1044 - Die Braut des Engels
»Ich kann dir keine Erklärung geben, John.«
»Ja, das weiß ich. Ich hätte es auch nie von dir verlangt, aber ich werde eine finden müssen.«
»Gibt es sie denn?« fragte Evita leise.
»Bestimmt« erklärte ich nickend. »Es gibt für alles eine Erklärung, auch wenn es schwer ist, das zu begreifen. Aber du brauchst keine Sorge zu haben, ich werde sie finden. Vielleicht finden wir sie auch gemeinsam, Evita.«
»Ja, das wäre gut.« Scheu schaute sie dorthin, wo die Gestalt erschienen war. Jetzt gab es dort nur die normale Wand zu sehen.
»Hast du denn eine Erklärung, wo sie hingegangen ist, John?«
»In ihr Reich.«
»Zu den Engeln?«
»Nein, das glaube ich nicht.
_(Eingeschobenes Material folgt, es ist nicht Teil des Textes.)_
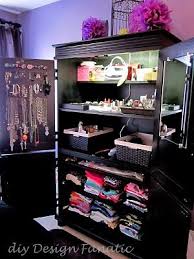 Install a ceiling vent system into the closet so the equipment does not overheat. Diy Design Fanatic Organized Armoire Home Old Entertainment Centers Home Decor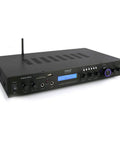 Bluetooth Home Theater Receiver With 200W 5 Channels Sub Out Karaoke Ready Dual Mic Wireless Streaming USB SD MP3 Player RCA Input FM Radio LCD Display PDA7BU front view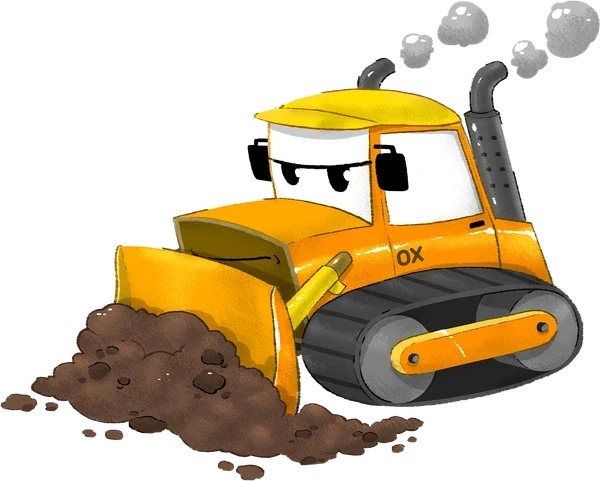 Ox, bulldozer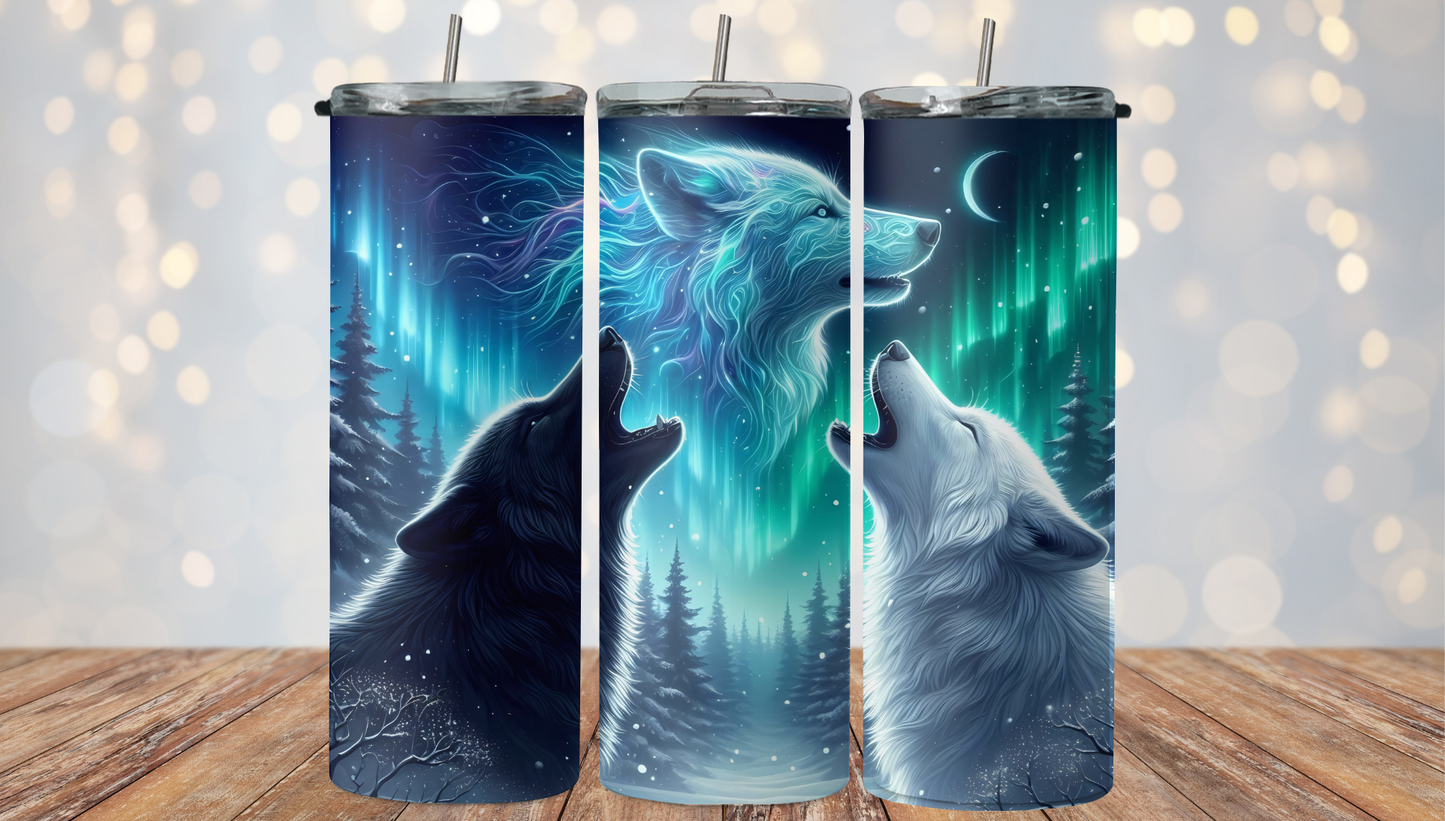 Black & White Wolf with turquoise background 2Face Graphics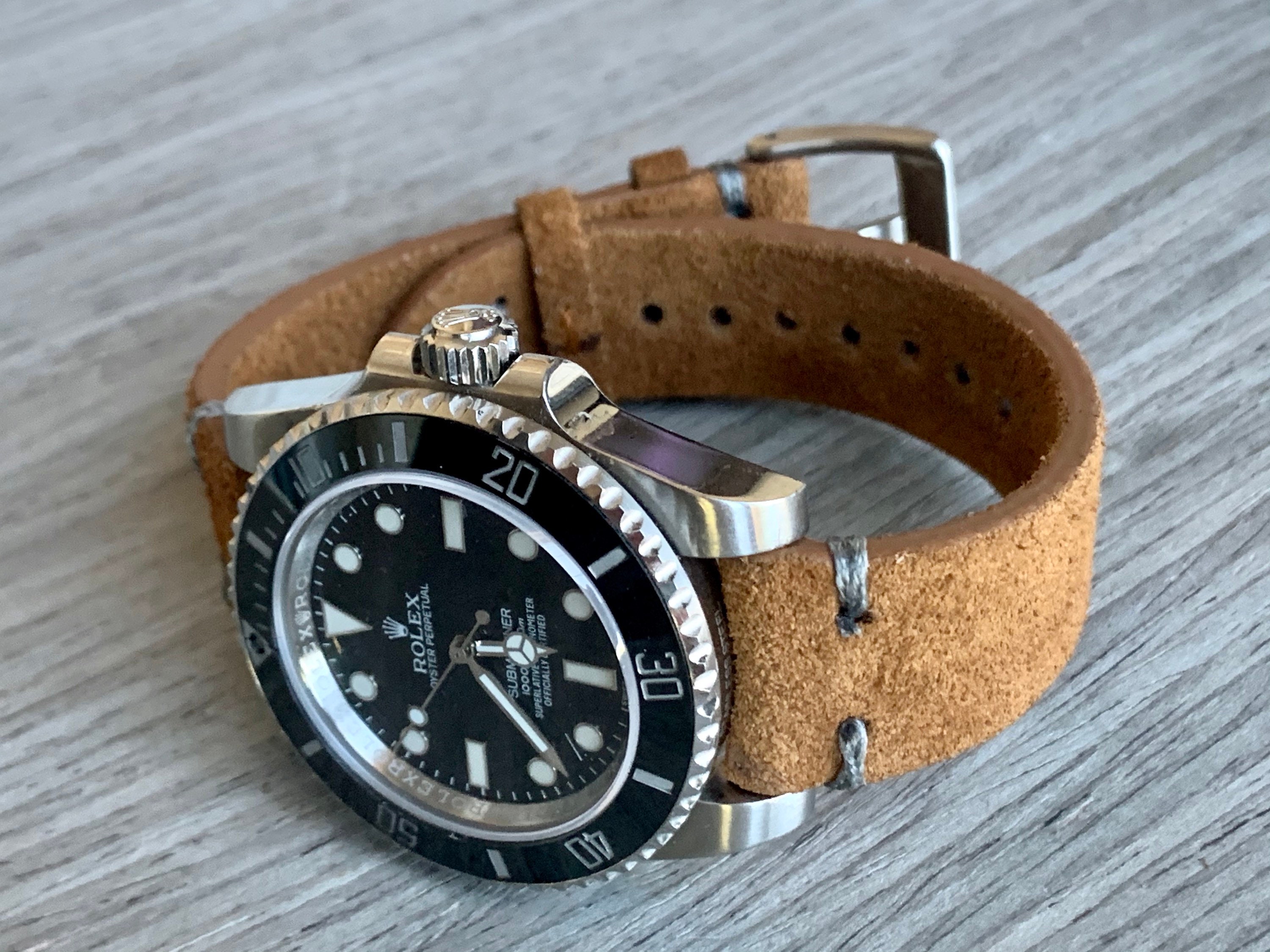 Vintage suede watch strap hot sale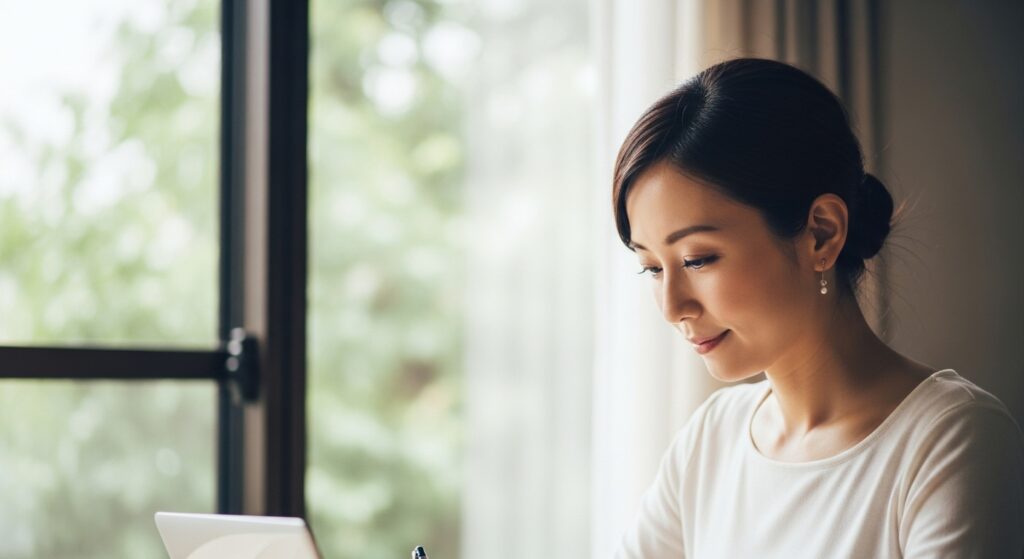 職場の人間関係や周囲の雑音に振り回されることなく、穏やかな表情で自分の業務に集中する女性を描いた賢い対処法のイメージ。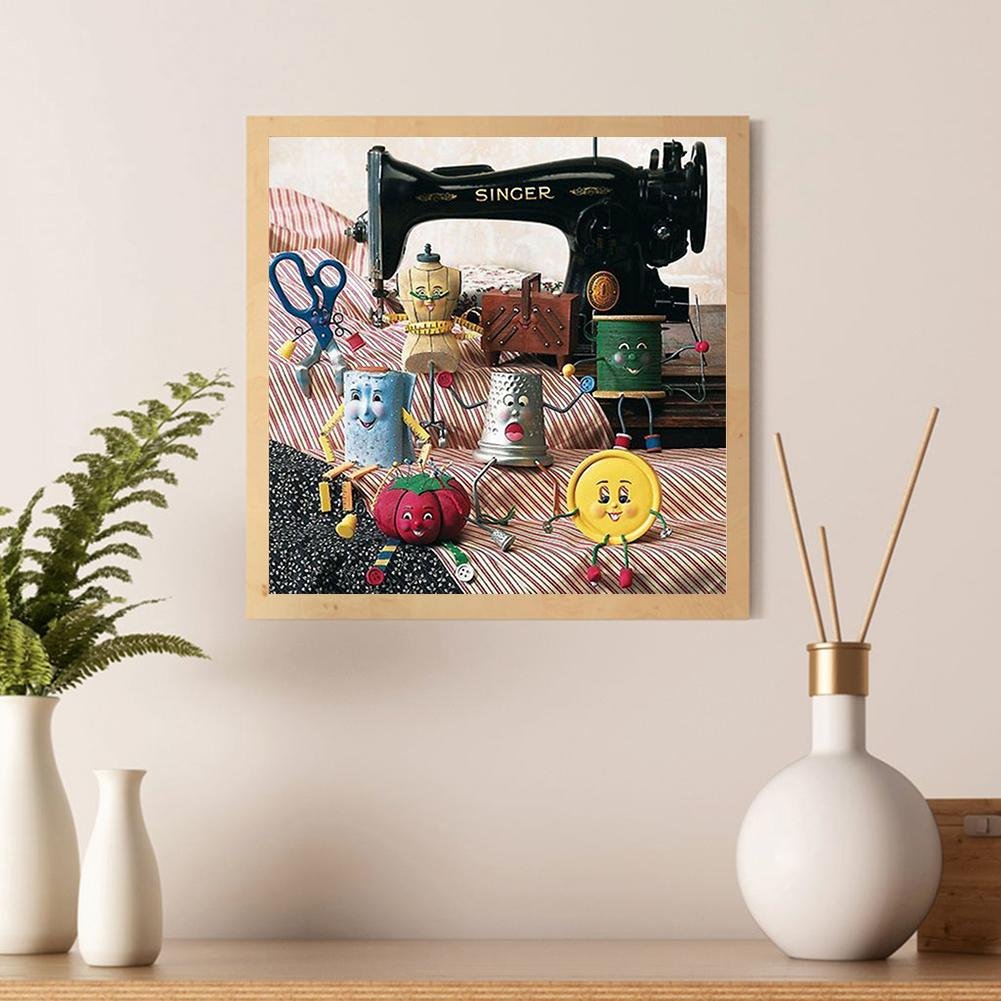 Diamond Painting - Full Round - Cartoon Sewing Machine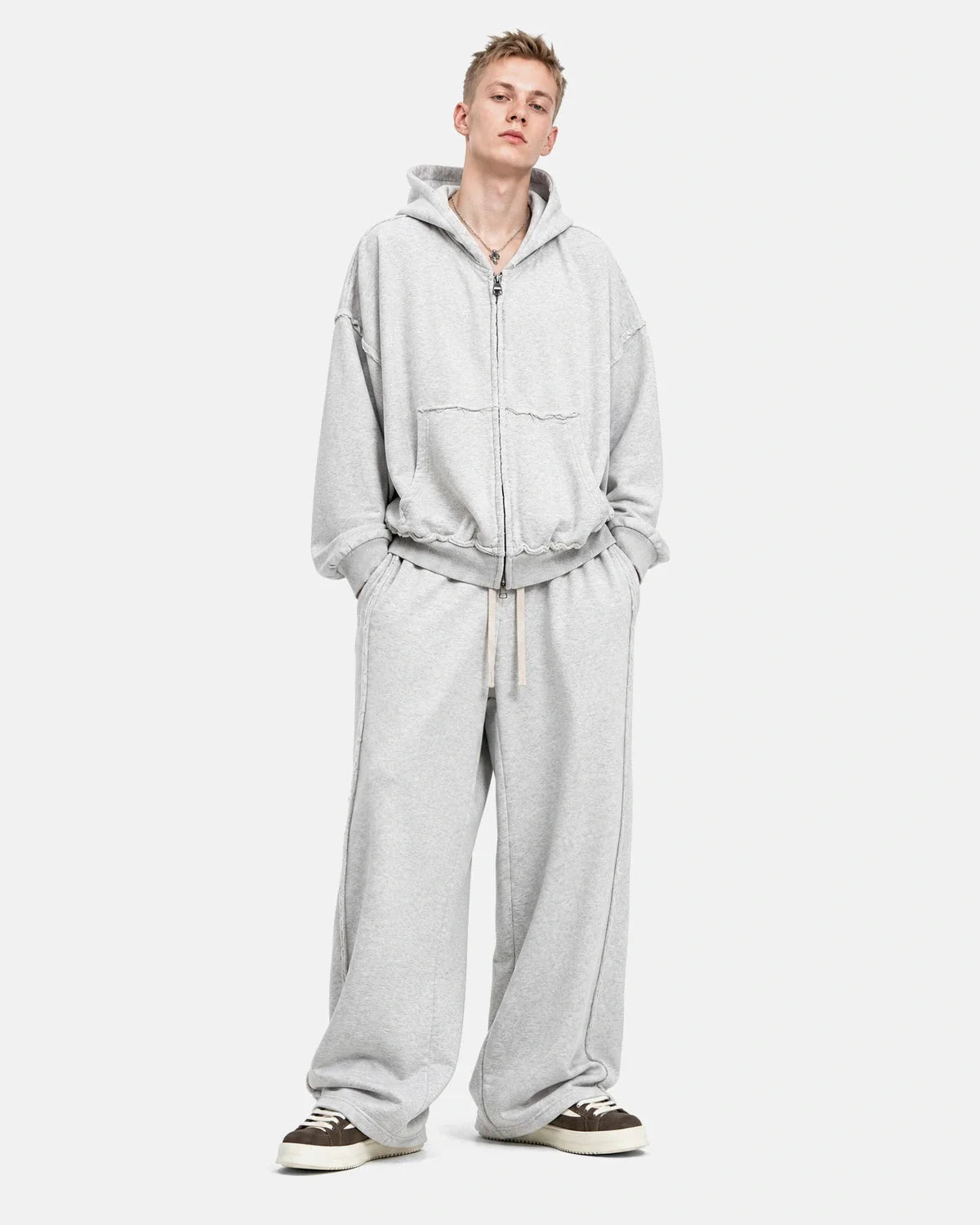 Omygoods Raw Seam Boxy Zip Up Hoodie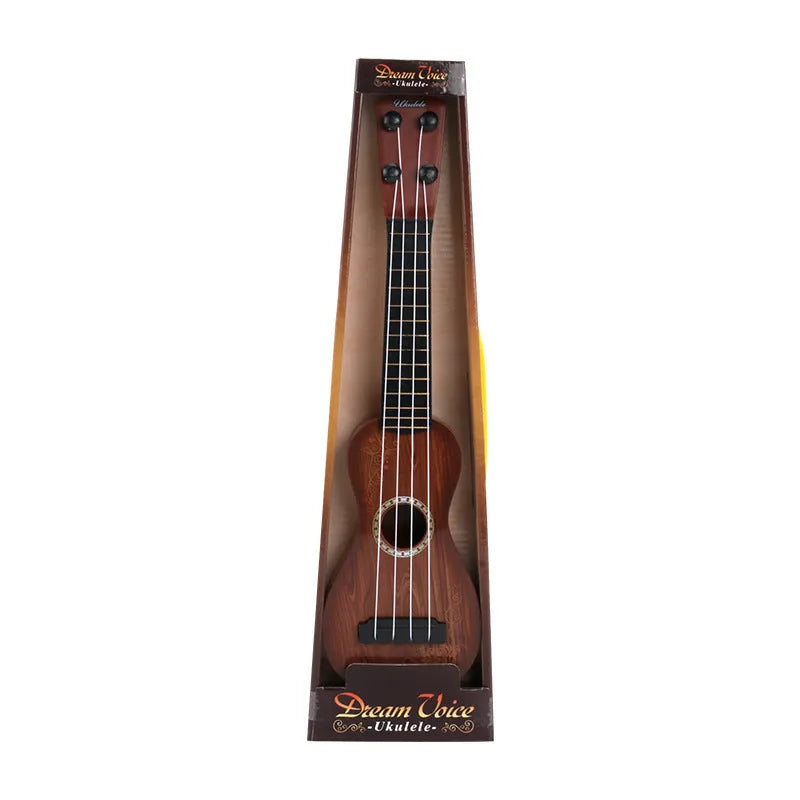 38cm plastic simulation ukulele toy for children in colour box packaging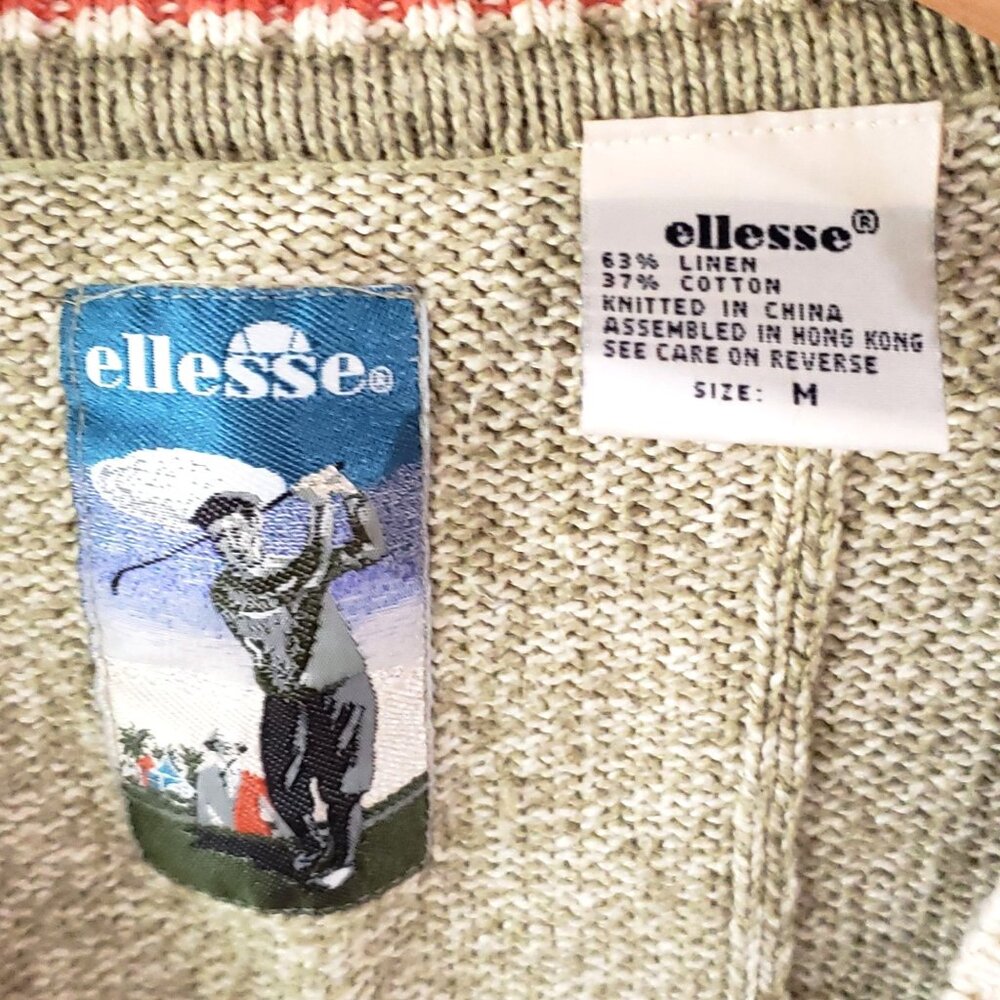 Ready Ellesse Mens V-Neck Sweater Vest M Beige Linen Cotton Golf ~42 inch Chest - Picture 2 of 8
Wer immer diese Person auch sein mag, ich möchte sie nicht als einen Engel bezeichnen. Sie ist etwas anderes, etwas, das zwischen Engel und Mensch liegt.«
»Ein Götze?«
Die Frage überraschte mich. Ich drehte mich scharf um. »Wie kommst du denn darauf?«
Sie hob die Schultern, und ich schaute auf ihr ängstliches Gesicht.
»Habe ich etwas Falsches gesagt?«
»Nein, Evita, ganz und gar nicht. Du hast nichts Falsches gesagt. Überhaupt nicht. Du bist der Wahrheit sicherlich schon sehr nahe gekommen. Ich wundere mich nur darüber, daß du diese Frage gestellt hast. Ich hätte sie nicht erwartet.«
»Das weiß ich von Lilian.«
»Ach…«
Das eine Wort forderte sie dazu auf, weiterzusprechen. »Ja, wir haben ja oft über die Engelkinder und auch einfach nur über die Engel gesprochen. Lilian war der Meinung, daß es immer wieder Engel gegeben hat und auch gibt, die auf die Erde kommen, um sich mit den Menschen zu paaren. Wenn das passiert ist, entstehen daraus andere Geschöpfe.«
»Götzen…?«
»Nein, da habe ich mich geirrt. Es klang nur so ähnlich. Ich meine Götter.«
»So ist das.«
»Ja, John, das hat mir Lilian oft gesagt. Aus dem Zusammenkommen zwischen Engeln und Menschen entstehen Götter.«
»Und weiter?«
»Dann warten die Engelkinder auf die Engel, um sich mit ihnen«, sie verzog das Gesicht. »Na ja, du weißt schon. Die Kinder, die dann geboren werden, sind Götter. So sorgen die Mitglieder der Sekte für die Geburt der Götter.«
Ich erwiderte zunächst einmal nichts, weil ich ziemlich sprachlos war. Aber ich hütete mich, darüber zu lachen oder die Aussagen als baren Unsinn abzutun. Zuviel hatte ich bereits erlebt, und ich wußte auch von alten Sagen und Geschichten, die teilweise sogar von den Propheten stammten, daß sich, wenn Engel und Menschen sich miteinander mischten, Götter entstanden.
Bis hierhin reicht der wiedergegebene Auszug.